WORK TO BE COMPLETED: Would you retype exactly the lines from the one containing "DAIKAKU Paket Full" through the last line of the records below, and nothing else?

---+---

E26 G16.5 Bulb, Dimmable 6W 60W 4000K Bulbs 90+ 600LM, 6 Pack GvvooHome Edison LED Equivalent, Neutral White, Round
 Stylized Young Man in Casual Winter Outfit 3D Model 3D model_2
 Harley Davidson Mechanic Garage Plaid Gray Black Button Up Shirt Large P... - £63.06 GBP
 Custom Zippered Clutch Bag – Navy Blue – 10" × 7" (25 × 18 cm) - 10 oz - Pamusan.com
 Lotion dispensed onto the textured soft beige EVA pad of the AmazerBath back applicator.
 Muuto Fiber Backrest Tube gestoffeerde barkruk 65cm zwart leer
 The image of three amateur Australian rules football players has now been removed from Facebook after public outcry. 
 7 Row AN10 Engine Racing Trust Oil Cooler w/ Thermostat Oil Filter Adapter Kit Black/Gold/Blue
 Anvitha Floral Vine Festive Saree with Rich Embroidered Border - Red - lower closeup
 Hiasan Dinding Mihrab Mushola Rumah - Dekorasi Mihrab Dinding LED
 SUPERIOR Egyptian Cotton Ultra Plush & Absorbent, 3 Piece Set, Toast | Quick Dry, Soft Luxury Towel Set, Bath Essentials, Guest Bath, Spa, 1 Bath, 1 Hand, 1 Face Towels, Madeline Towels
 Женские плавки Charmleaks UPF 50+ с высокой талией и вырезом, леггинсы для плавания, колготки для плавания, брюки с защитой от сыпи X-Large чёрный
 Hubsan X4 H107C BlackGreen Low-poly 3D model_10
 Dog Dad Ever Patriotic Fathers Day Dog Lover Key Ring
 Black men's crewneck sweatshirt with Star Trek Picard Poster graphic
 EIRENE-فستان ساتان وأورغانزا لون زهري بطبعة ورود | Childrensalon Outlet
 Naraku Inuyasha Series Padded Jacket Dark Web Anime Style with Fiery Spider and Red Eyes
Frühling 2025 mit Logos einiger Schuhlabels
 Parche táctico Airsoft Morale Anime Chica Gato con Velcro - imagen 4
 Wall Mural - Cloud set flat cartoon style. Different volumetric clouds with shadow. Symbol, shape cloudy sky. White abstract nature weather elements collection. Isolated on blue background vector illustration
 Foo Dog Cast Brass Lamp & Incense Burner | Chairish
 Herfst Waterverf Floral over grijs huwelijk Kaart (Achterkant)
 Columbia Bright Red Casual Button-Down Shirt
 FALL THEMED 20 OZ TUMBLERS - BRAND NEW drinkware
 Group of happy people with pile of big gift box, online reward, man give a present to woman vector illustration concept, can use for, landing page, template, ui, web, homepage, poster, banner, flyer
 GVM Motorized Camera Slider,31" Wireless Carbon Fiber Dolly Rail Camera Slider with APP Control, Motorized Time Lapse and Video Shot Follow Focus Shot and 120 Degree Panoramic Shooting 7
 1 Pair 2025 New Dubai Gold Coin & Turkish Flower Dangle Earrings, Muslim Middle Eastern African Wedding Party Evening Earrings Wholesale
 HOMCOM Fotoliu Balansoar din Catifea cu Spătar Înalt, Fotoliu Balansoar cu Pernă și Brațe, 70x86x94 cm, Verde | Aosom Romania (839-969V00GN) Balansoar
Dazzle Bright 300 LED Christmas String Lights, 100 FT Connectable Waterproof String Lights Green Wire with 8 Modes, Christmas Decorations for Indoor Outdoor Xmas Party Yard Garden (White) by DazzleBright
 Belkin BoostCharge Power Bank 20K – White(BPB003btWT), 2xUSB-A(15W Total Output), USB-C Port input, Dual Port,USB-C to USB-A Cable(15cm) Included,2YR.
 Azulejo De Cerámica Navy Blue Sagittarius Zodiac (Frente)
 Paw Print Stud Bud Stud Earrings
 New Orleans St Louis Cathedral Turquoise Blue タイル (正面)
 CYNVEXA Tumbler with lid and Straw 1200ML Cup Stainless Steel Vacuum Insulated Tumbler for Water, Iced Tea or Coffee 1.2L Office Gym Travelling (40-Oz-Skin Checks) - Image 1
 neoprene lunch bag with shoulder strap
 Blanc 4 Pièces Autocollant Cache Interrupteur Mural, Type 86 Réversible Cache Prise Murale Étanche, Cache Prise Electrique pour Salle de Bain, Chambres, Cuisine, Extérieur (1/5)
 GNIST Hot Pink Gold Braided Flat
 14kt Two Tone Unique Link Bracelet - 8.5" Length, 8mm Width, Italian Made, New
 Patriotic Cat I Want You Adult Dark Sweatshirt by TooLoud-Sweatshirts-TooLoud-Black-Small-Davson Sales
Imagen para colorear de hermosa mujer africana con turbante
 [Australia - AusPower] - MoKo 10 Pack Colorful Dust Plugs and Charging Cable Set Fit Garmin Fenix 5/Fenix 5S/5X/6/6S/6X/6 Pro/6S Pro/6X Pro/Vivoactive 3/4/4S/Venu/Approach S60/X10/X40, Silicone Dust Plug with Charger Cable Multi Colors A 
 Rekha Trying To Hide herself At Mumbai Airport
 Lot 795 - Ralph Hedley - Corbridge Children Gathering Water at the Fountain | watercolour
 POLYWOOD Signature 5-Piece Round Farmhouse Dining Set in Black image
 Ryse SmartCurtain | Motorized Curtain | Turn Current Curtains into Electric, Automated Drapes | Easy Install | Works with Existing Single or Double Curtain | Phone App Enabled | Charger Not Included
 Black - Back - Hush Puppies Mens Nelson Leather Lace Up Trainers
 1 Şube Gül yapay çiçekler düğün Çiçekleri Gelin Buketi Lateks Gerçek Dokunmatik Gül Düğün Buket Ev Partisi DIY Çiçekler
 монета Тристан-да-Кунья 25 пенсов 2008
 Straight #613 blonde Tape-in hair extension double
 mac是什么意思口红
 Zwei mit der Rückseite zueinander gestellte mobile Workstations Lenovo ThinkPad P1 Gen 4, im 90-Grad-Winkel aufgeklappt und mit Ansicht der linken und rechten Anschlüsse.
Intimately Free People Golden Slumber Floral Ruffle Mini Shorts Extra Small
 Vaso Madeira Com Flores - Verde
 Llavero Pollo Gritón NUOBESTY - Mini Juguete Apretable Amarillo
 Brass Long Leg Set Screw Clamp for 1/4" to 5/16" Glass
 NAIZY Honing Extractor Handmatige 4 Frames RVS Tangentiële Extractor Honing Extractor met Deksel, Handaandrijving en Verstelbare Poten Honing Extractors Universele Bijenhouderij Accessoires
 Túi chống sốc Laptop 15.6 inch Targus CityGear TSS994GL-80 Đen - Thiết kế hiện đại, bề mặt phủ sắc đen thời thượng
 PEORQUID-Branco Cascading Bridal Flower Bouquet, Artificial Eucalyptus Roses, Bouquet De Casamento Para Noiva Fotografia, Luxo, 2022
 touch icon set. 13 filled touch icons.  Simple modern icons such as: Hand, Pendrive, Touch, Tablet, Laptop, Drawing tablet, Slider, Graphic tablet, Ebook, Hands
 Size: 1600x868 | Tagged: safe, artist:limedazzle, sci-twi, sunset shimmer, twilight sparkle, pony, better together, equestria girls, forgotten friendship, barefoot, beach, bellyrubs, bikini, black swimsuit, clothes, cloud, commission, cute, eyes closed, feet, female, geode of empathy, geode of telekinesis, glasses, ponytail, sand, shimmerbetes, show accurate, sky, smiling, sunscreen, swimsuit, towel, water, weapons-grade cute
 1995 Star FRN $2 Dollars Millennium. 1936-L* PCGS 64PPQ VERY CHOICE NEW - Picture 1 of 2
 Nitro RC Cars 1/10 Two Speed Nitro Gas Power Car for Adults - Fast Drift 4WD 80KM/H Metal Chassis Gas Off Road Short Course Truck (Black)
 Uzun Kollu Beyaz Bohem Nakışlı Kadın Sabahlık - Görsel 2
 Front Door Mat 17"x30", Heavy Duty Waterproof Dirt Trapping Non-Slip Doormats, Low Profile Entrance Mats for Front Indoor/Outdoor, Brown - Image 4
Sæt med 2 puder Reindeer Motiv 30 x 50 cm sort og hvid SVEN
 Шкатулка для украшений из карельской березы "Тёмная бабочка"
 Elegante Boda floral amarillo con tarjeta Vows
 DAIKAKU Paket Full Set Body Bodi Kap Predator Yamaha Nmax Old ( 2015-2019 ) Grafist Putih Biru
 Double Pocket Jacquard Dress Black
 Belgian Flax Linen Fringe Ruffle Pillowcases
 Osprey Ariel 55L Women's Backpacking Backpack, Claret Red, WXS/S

---+---

ANSWER BOX:
 DAIKAKU Paket Full Set Body Bodi Kap Predator Yamaha Nmax Old ( 2015-2019 ) Grafist Putih Biru
 Double Pocket Jacquard Dress Black
 Belgian Flax Linen Fringe Ruffle Pillowcases
 Osprey Ariel 55L Women's Backpacking Backpack, Claret Red, WXS/S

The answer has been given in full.